Appears in 1 contract
Samples: Tax Allocation and Indemnification Agreement (Spalding Holdings Corp)
Audit Adjustments. (a) If as a result of any Final Determination there is an adjustment to any Tax Return relating, in whole or in part, to Tax for which Xxxx Sxxx Xxx is responsible under Section 2.1, and if such adjustment results in both (i) a Tax Detriment to Xxxx Sxxx Xxx or one or more of its Affiliates for any taxable period and (ii) a Tax Benefit to HBI or one or more of its Affiliates for any Post-Distribution Tax Period (or portion of a Straddle Period allocable to HBI), then HBI shall pay to Xxxx Sxxx Xxx an amount equal to the lesser of such Tax Benefit and such Tax Detriment.

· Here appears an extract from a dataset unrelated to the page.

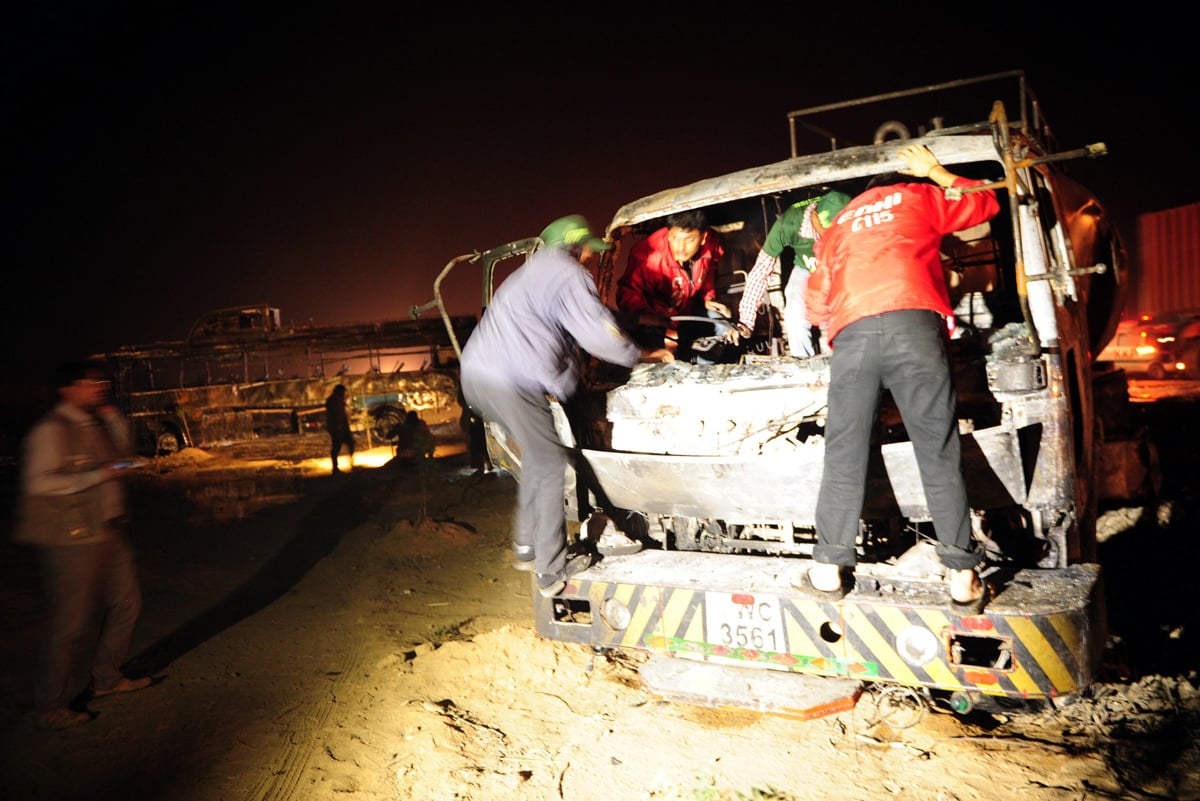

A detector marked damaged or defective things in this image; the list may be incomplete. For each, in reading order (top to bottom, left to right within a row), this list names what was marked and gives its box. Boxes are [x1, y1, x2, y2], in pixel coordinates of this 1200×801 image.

(b) If as a result of any Final Determination there is an adjustment to any Tax Return relating, in whole or in part, to Tax for which HBI is responsible under Section 2.1, and if such adjustment results in both (i) a Tax Detriment to HBI or one or more of its Affiliates for any Post-Distribution Tax Period (or portion of a Straddle Period allocable to HBI) and (ii) a Tax Benefit to Xxxx Sxxx Xxx or one or more of its Affiliates for any taxable period, then Xxxx Sxxx Xxx shall pay to HBI an amount equal to the lesser of such Tax Benefit and such Tax Detriment.
(c) Payments provided for under this Section 2.7 shall be made the later of (i) the date of the Final Determination giving rise to the adjustment, and (ii) at the earlier of such time or times that (A) a party realizes the Tax Benefit, whether by way of a reduction in Taxes, refund, offset against other Taxes, or otherwise, or (B) such Tax Benefit causes an increase in a party’s Deferred Tax Assets. If a payment to be made pursuant to this Section 2.7 has been deferred because the party entitled to a Tax Benefit has not yet realized such Tax Benefit or such Tax Benefit has not yet increased that party’s Deferred Tax Assets, then such party shall provide the other party on an annual basis a certification by an appropriate officer of such first party that such Tax Benefit has not yet been realized and that such Tax Benefit has not yet increased that party’s Deferred Tax Assets, or a computation of the amount of such Tax Benefit realized in the prior year or the amount such Tax Benefit increased that party’s Deferred Tax Assets, together with information reasonably necessary to support the statements contained in the certification. Failure of such party to provide such certification within 30 days after receiving written notice requesting such notification from the other party shall be deemed conclusive evidence that the entire amount of such Tax Benefit has been realized as of such date.